Guardiola's side have turned the title race into a lengthy coronation party after powering 15 points clear of second placed Manchester United and 18 ahead of fourth placed Liverpool.
Barring an epic collapse, City will spend the rest of the season focused on the historic implications of their remarkable campaign.
If unbeaten City can leave Anfield unscathed, they will have only 15 more matches in which to avoid defeat as they aim to emulate the achievements of Arsenal in 2003-04 and Preston in 1888-89, who both went an entire top-flight season without losing.
"Of course if you want to achieve something that's good and win titles you have to win these kind of games," Guardiola said.
"This season at Stamford Bridge we were able to do that but still we have to go to Anfield, to Emirates and against Tottenham.

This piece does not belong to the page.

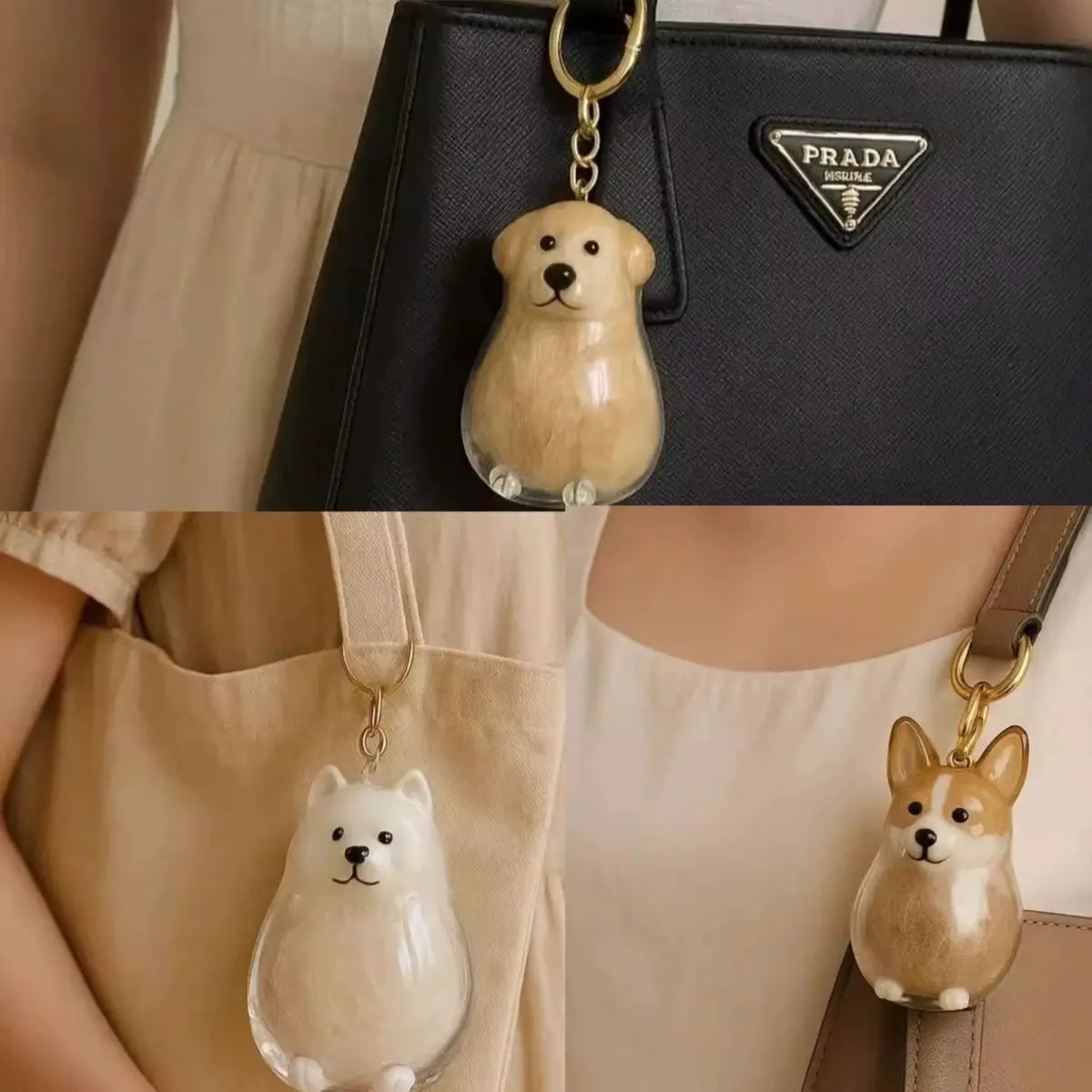 2026 hot Transparent storage box dog hair collection pendant golden retriever corgi Samoyed labrador hair storage keychain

"We still have tough teams away, there is still a lot of things to do. For us it's a real test, going to Anfield, one of the most prestigious stadiums and teams in the world so we'll try to put on a good performance, it's a big game for us.
"Liverpool is such an important game, to realise again if we are able to do big things in this season, in important stages, in the Champions League."
Becoming England's third top-flight "invincibles" isn't the only milestone fuelling City's charge.
There have only been five longer unbeaten streaks in the top flight than City's current run of 30 matches.
- Anfield woe -
Arsenal's 49 games in 2003-2004 is currently top, followed by Nottingham Forest's 42 in 1977-1978, Chelsea with 40 in 2004-2005, Leeds's 34 in 1968-1969 and Liverpool's 31 in 1987-1988.
City, still in the hunt for four trophies this term, could also become the first team to win a top-flight match at Chelsea, Liverpool and Manchester United in the same season since Wimbledon in 1986-87.
But to do that City must end their wretched run at Anfield, where they are without a win since 2003, a run of 16 matches in all competitions.
Asked about City's Anfield curse, Guardiola said: "I don't believe in these kind of things, but of course the last time City won was 15 years ago, so it means a lot in terms of how difficult and complicated it is to play there. But records are always there to be broken."
Since losing to Tottenham on October 22, Liverpool are unbeaten in 17 matches in all competitions and 13 in the league, their best run under Jurgen Klopp.
Their 5-0 thrashing at City earlier in the season was Klopp's heaviest defeat in all competitions as Reds boss, and his joint-heaviest ever managerial loss.
City's visit will provide evidence of whether Liverpool can cope without Philippe Coutinho following the Brazil forward's sale to Barcelona.
While Coutinho's departure brought the curtain down on his role in Liverpool's attacking 'Fab four', Klopp's three remaining big hitters will ensure the Reds pose a major threat to City's unbeaten record.
Crucially for Liverpool's chances of derailing the leaders, Egypt winger Mohamed Salah, who missed the last two matches with a groin problem, is fit and available for selection.
"It's interesting to play against City. They play really good and if you don't respect that, you have a problem," Klopp said.
"But if you are not brave in your game, you will also have a problem. You need to show up."